Im Rahmen unserer Serie „Gespräche zu erlebtem M&A“ ein Interview von Dr. Martin Z. Wilderer mit Felix Brokatzky zur Käuferlandschaft, unterschiedlichen Käufergruppen, Unterschieden zwischen strategischen und finanzgetriebenen Käufern und der idealen Marktansprache.

Martin Wilderer: Felix. Ich freue mich, dich heute hier zu haben, um über die Käuferlandschaft zu sprechen, die wir in unseren Transaktionen antreffen. Vielleicht fangen wir erstmal mit einer Differenzierung an, welche Käufergruppen wir in unseren Prozessen vorwiegend sehen?

Hallo Martin, vielen Dank. Prinzipiell clustern wir die Käuferlandschaft in zwei Kategorien:

  • Strategische Investoren und
  • Finanzinvestoren.

Strategische Investoren verfolgen, unschwer am Namen zu erkennen, strategische also langfristige Ziele und wollen ihr bestehendes Geschäftsmodell durch Zukäufe optimieren, dh es handelt sich um meist größere, operierende Unternehmen.

Finanzinvestoren, vorwiegend Private-Equity-Unternehmen, verfolgen primär finanzielle Ziele vor dem Hintergrund nach einer gewissen Halteperiode das Unternehmen wieder zu veräußern.

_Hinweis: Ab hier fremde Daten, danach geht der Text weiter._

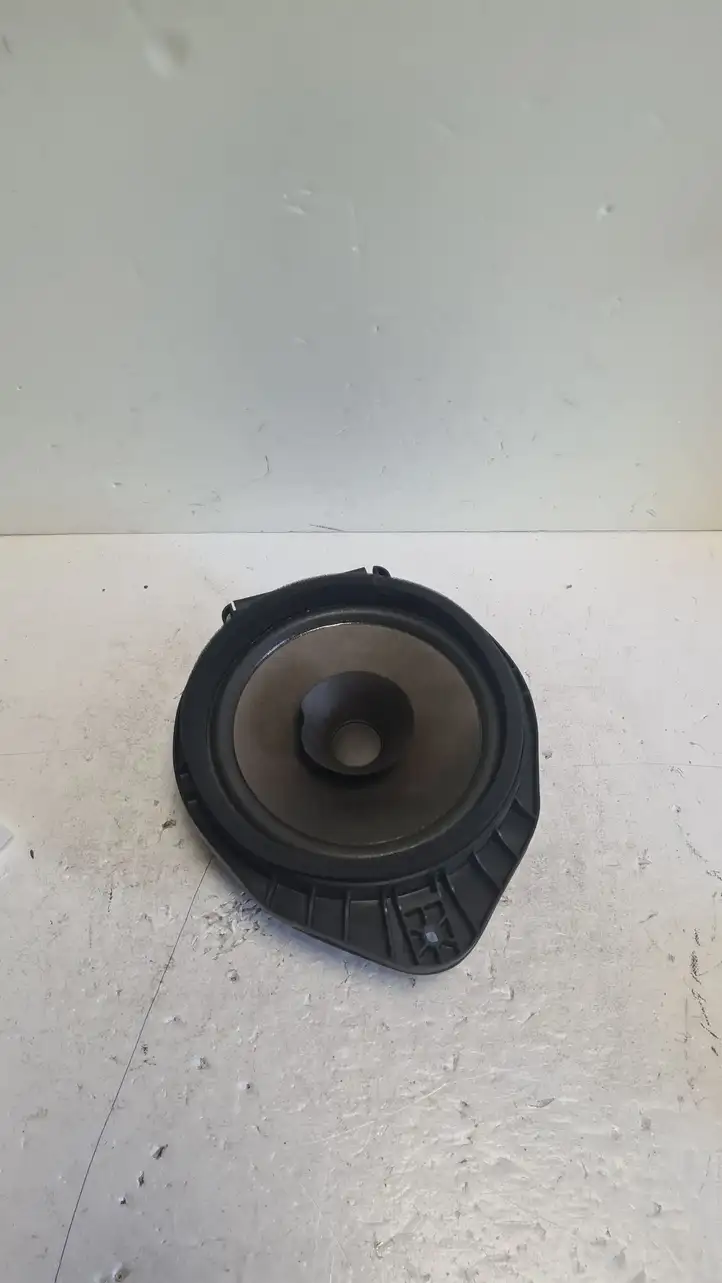 Opel Insignia A (2008 - 2017)   Громкоговоритель (громкоговорители) в передних дверях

Wir sehen in den vergangenen Jahren aber gerade bei den Finanzinvestoren, dass die oftmals sehr viel strategischer denken als man erwarten würde.

Daneben gibt es noch die Management-Buy-Ins, bei denen Individuen ein Unternehmen erwerben, um es dann selbst weiterzuführen. Dies oft finanziert über Finanzinvestoren.

Spannend, Felix, Du meinst, die Grenzen zwischen strategischen und Finanzinvestoren verschwimmen?

Natürlich gibt es noch die Reinkulturen. Allerdings beobachten wir in der Tat, dass auch vermehrt Finanzinvestoren sehr fokussierte und langfristig angelegte Ökosysteme innerhalb ihrer Portfolios aufbauen und diese dann auch teilweise sehr lange halten. So genannte „Evergreen Fonds“ sind sogar darauf ausgelegt, die akquirierten Assets gar nicht mehr zu veräußern und stattdessen durch ein Dividendenmodell langfristig Kapital aus den Investitionen zu generieren.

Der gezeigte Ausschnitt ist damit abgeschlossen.